§ TASK TO CARRY OUT: Restate the records below exactly. Pictures are not part of the copy.

(Caption-style text data)
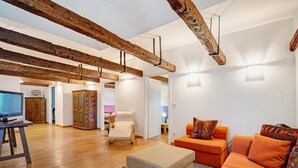 Un salon moderne avec des poutres apparentes, un canapé, un fauteuil, un téléviseur et un meuble orné de motifs.
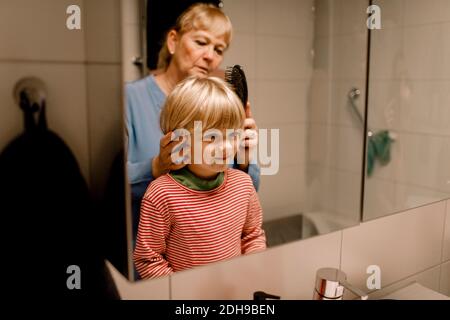 Donna anziana che combatte i capelli del nipote in bagno a casa Foto Stock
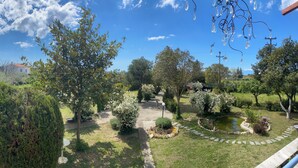 A garden with a variety of trees and shrubs, a stone pathway, and a small pond. - Pond and Pines - Seaside apartments - 1st floor (Epanomi)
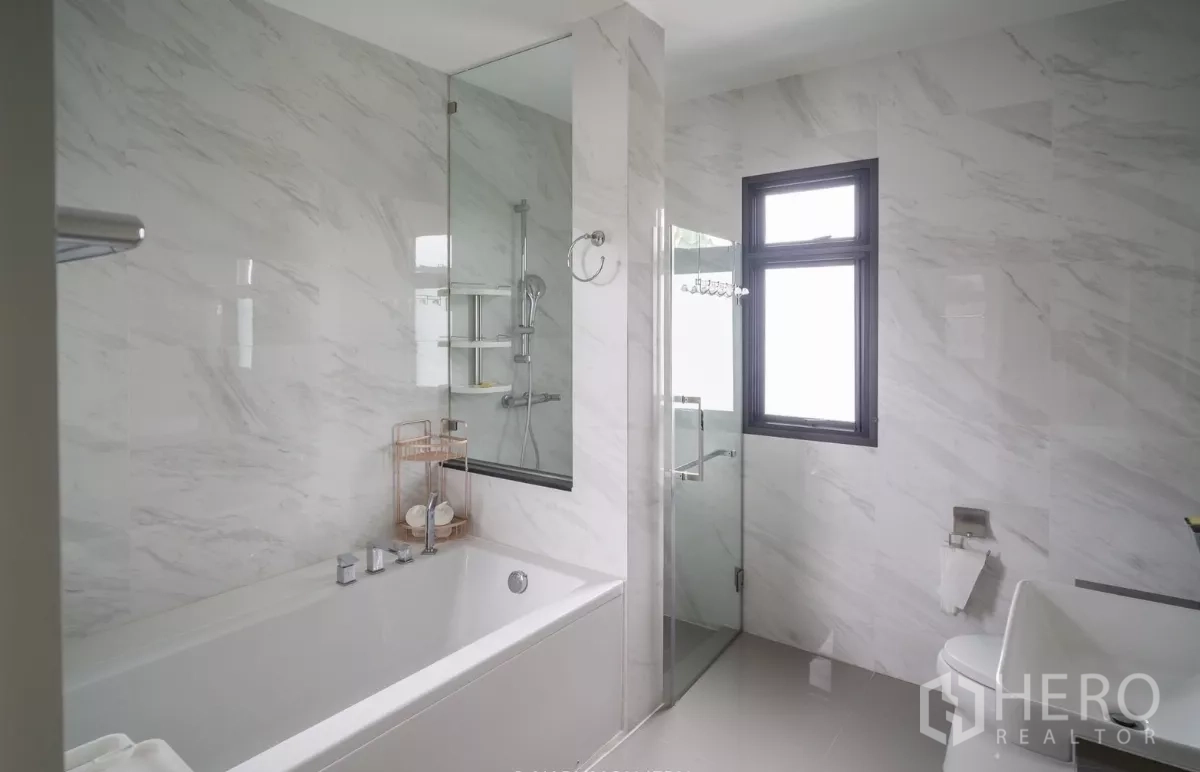 Detached House for rent or sale in Saphan Sung, Bangkok - Bathroom with bathtub and separate glass shower, finished in marble tiles.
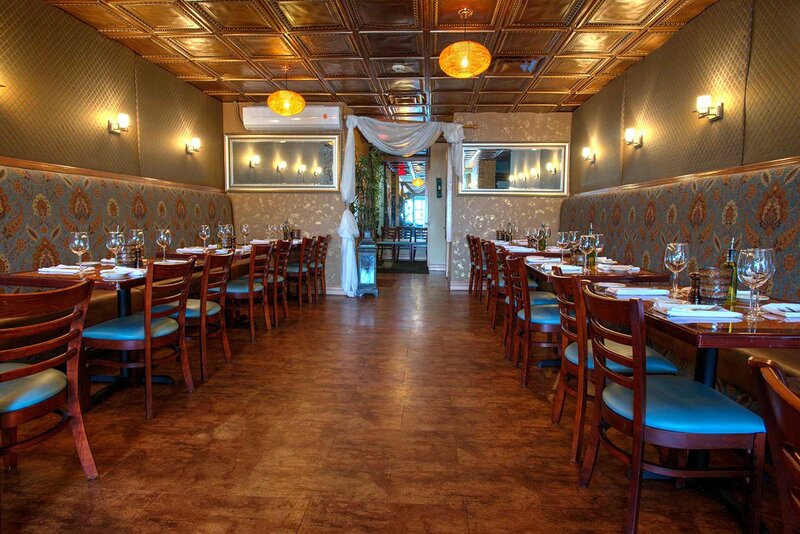 View of dining room with set tables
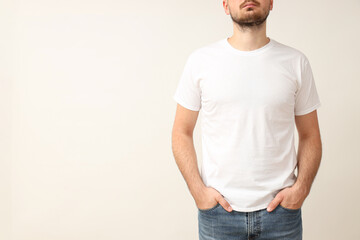 A young guy in a white T-shirt on a light background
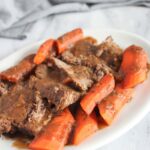 a white platter filled with slices of pot roast and carrots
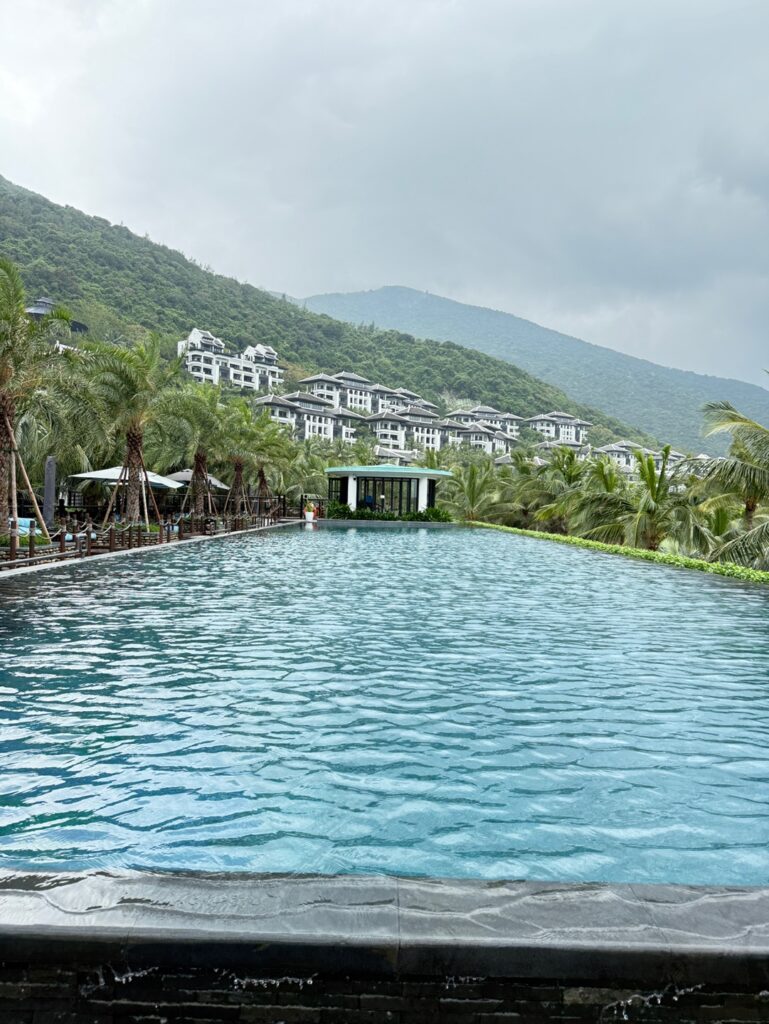 a body of water with buildings and trees around it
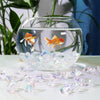 A glass bowl filled with crushed diamond acrylic pebbles containing a small orange fish.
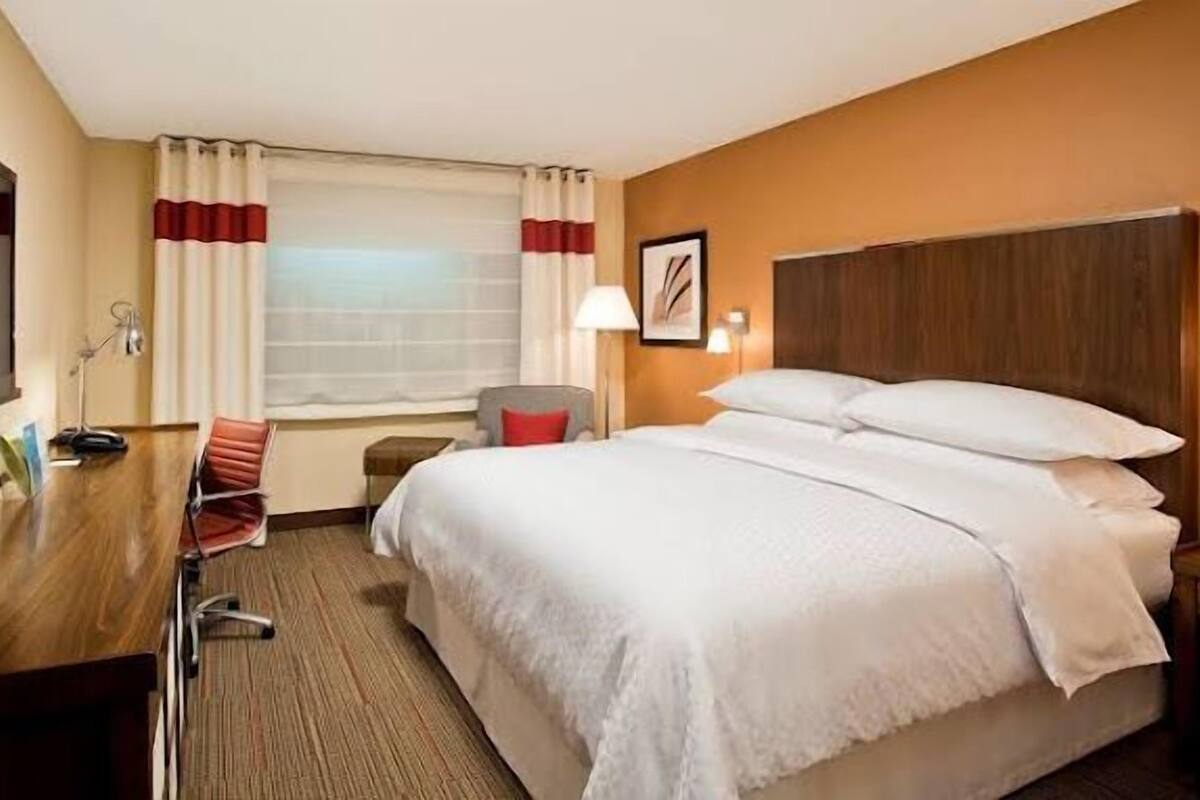 Ein Hotelzimmer mit Bett, Schreibtisch, Stuhl, Fernseher und einem Fenster mit Vorhängen.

§ SOLUTION:
 Un salon moderne avec des poutres apparentes, un canapé, un fauteuil, un téléviseur et un meuble orné de motifs.
 Donna anziana che combatte i capelli del nipote in bagno a casa Foto Stock
 A garden with a variety of trees and shrubs, a stone pathway, and a small pond. - Pond and Pines - Seaside apartments - 1st floor (Epanomi)
 Detached House for rent or sale in Saphan Sung, Bangkok - Bathroom with bathtub and separate glass shower, finished in marble tiles.
 View of dining room with set tables
 A young guy in a white T-shirt on a light background
 a white platter filled with slices of pot roast and carrots
 a body of water with buildings and trees around it
 A glass bowl filled with crushed diamond acrylic pebbles containing a small orange fish.
 Ein Hotelzimmer mit Bett, Schreibtisch, Stuhl, Fernseher und einem Fenster mit Vorhängen.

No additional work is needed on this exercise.